The method may comprise setting one or more parameters of the well operation simulation model. Alternatively, the plurality of well operation parameters may be pre-configured in the well operation simulation model. The method may comprise setting one or more parameters of the well operation simulation model, with a subset of other well operation parameters being pre-configured in the well operation simulation model. The method may comprise updating one or more parameters of the well operation simulation model and running the well operation simulation with the updated one or more parameters to calculate a wellbore pressure using the heave motion data and updated one or more parameters to calculate the effect of heave motion on the well operation. For example, in a drilling operation, parameters relating to mud properties (including but not limited to drilling mud density or viscosity and rate of mud circulation) or well trajectory, which may change through the course of a drilling operation, may be changed and the effect on wellbore pressure calculated using the method.

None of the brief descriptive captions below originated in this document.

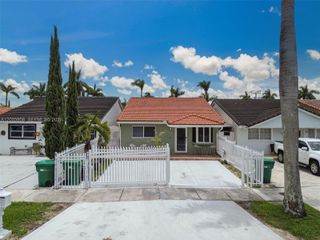 11425 NW 88th Court, Hialeah Gardens, FL 33018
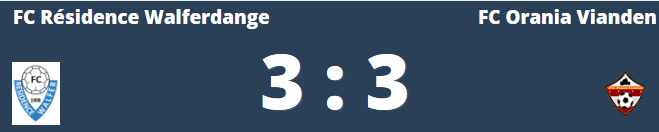 06/02/2019 Résultat Match Amical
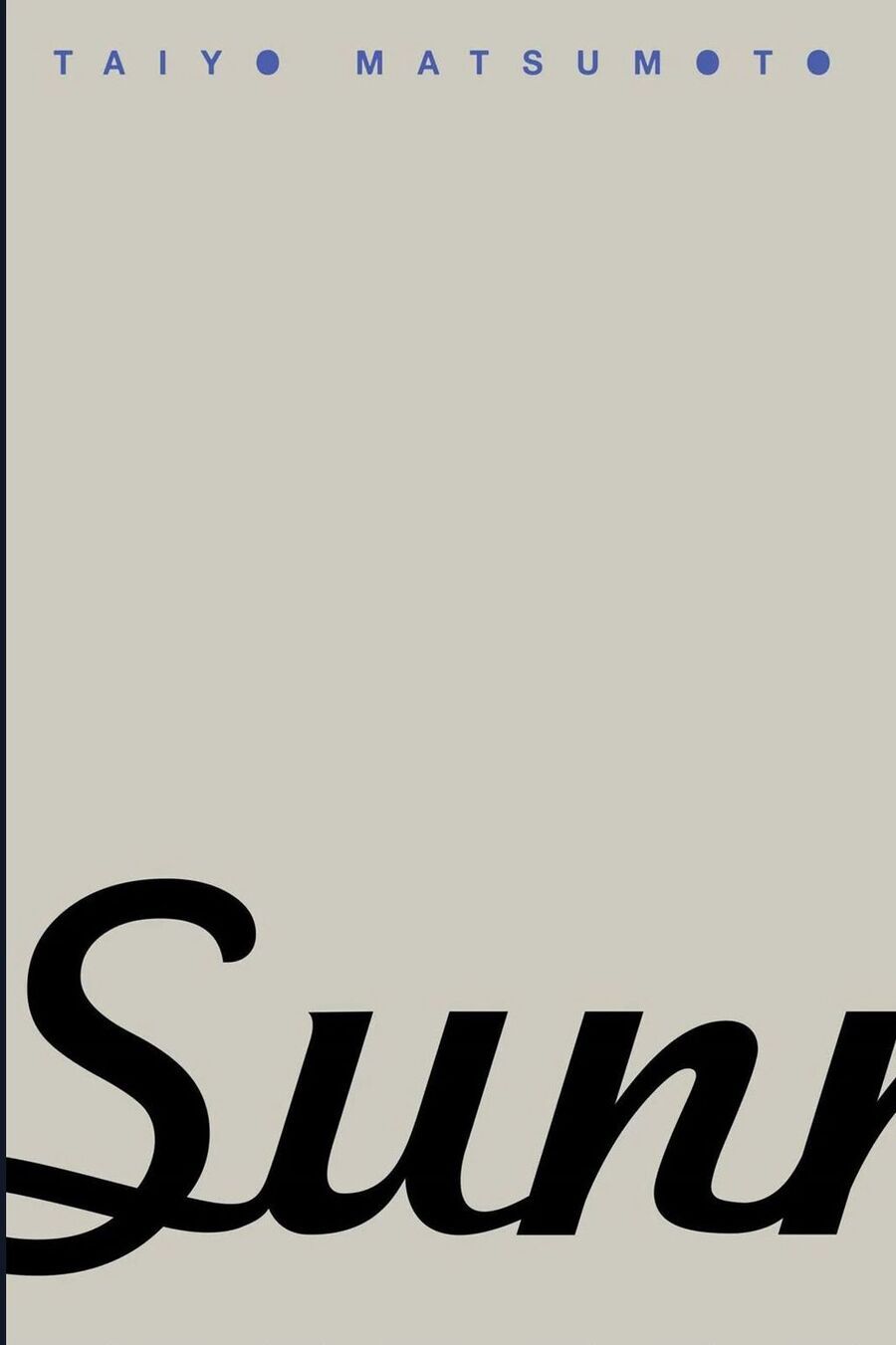 Blooms In Sunny Places Chapter 7 - 4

Preferably the heave motion data is calculated from input data relating to one or more weather conditions and/or sea state conditions. The input data may comprise forecast data relating to weather conditions and/or sea state conditions. The input data may comprise wave height data and/or wave period data, which may be forecast wave height data and/or forecast wave period data.

The method may comprise updating heave motion data and running the well operation simulation with the updated heave motion data to calculate a wellbore pressure. The heave motion data may be updated by calculating from updated input data relating to one or more weather conditions and/or sea state conditions. The updated input data may comprise updated forecast data relating to weather conditions and/or sea state conditions. The input data may comprise wave height data and/or wave period data, which may be forecast wave height data and/or forecast wave period data.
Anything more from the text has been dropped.